#### Exercise input
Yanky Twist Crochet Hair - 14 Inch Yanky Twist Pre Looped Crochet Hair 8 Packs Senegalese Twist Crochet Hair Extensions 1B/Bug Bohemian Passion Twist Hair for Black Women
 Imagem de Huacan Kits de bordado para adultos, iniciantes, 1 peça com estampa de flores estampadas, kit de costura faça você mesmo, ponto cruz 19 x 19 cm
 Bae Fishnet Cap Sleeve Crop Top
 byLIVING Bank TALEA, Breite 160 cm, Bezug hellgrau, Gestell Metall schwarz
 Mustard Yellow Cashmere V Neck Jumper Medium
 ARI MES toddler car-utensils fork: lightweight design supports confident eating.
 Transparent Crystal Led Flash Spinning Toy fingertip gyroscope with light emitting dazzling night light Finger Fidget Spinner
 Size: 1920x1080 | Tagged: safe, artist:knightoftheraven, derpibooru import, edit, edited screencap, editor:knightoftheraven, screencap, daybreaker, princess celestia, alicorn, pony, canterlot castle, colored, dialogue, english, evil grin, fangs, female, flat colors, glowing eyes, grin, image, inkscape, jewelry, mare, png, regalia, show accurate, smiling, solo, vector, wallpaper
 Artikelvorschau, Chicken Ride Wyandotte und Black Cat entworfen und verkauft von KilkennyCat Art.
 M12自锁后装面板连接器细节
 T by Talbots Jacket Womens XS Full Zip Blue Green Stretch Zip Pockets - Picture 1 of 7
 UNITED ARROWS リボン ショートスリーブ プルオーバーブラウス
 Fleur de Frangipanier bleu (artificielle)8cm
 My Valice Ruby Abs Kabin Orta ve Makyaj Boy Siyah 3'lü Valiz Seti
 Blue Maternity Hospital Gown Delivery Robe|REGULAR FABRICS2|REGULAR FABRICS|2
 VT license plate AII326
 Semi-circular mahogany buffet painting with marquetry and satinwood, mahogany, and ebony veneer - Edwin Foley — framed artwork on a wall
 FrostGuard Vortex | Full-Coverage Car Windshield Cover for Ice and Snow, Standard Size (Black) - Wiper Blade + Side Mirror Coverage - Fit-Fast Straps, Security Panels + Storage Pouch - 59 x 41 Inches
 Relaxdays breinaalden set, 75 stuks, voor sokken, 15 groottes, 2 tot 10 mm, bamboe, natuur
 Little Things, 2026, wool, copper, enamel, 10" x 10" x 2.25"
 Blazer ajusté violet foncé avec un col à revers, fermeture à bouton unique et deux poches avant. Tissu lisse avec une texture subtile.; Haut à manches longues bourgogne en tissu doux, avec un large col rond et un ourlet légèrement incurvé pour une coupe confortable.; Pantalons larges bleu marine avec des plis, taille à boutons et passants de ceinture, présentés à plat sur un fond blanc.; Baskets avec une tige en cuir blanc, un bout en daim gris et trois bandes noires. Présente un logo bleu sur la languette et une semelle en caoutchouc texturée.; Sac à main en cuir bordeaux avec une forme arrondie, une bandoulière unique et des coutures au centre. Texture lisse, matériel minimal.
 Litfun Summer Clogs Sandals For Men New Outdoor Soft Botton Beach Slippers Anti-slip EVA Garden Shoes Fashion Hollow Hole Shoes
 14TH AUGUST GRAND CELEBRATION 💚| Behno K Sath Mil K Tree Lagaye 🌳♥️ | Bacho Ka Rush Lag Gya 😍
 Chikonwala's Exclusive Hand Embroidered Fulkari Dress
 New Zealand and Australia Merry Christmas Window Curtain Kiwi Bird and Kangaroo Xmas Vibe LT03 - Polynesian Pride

#### Assignment
Counting every line of the records above that has the word "Blue", state the total and give nothing besides it.

#### Task output
2